Deader Still
Page 11
Sabrina was quietly rooting through the kitchen draws. “Something that would tell us what he did with the money.”
“Like a signed confession or a treasure map with ‘x’ marking the spot?”
Sabrina threw a glance over her shoulder at me, arching an eyebrow. “That would suffice, yes.”
“Wow. Getting sick really does make you grumpy,” I mumbled and headed out of the kitchen into the hallway beyond.
Rather than go upstairs I turned left into the room at the front of the house. Magnolia walls. Magnolia carpet. Magnolia sofa. A large flat screen television rested below the front bay window and a mirror on the chimney breast. A gardening magazine lay open on the dark wood coffee table. No pictures of children or grandchildren. No pictures of beloved pets. No pictures of the couple from holidays. Maybe the widow had already taken them down so she wouldn’t have a constant reminder of what she’d lost. It made me think about my mum and how she was doing.
“Found anything?”
I turned to Sabrina, who was standing in the doorway. “You think my mum’s okay?”

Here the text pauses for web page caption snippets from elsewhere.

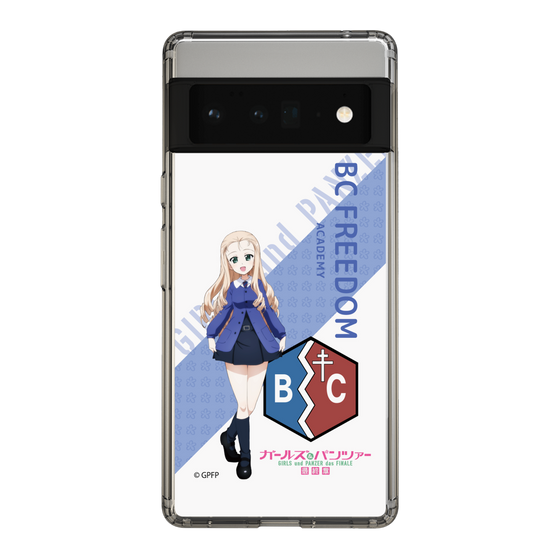 Slim Protection Case［ Girls und Panzer - Marie - Rounded Font ］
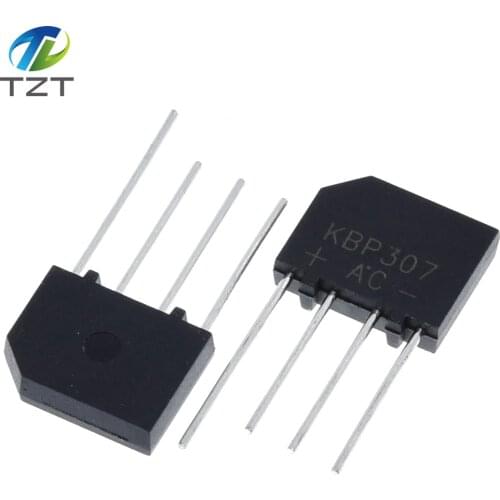 10pcs KBP307 bridge rectifier 3A700v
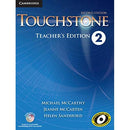 Touchstone Level 2 Teacher's Edition with Assessment Audio CD/CD-ROM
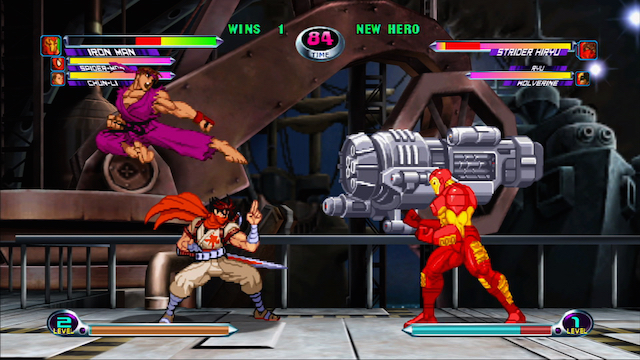 Marvel vs. Capcom 2 for Dreamcast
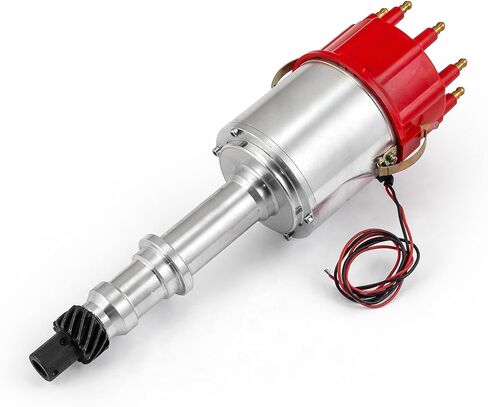 Speedmaster PCE376.1024 Pontiac 326 400 455 Magneto Style Series Billet HEI Electronic Distributor in Kuwait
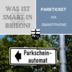 Vorschau: Collage - Projekt: Parkticket via Smartphone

Sabrina smiled. “I think your mum is just fine. Do you want to visit her when we’re done?”
“Do you mind?”
Sabrina shook her head. “Nah, we’re already breaking so many laws right now, one more isn’t going to make a difference.”
An hour and a half later we landed in the hallway of my mum’s house. I’d had no idea that it took so long to search a house properly. Luckily for us, the widow had stayed outside for the majority of the time we’d been there. Hadn’t made a difference though; there’d been nothing to find except the bottom dresser drawer full of framed photos of the couple.
We’d found another drawer full of financial paperwork but it didn’t seem to be in any order, and before Sabrina could sort through it the widow had come into the bedroom. She’d headed to the wardrobe, reached for a cardigan and then suddenly collapsed on the floor with huge, wracking sobs. It felt awkward to keep snooping after that so we’d taken that as our cue to leave.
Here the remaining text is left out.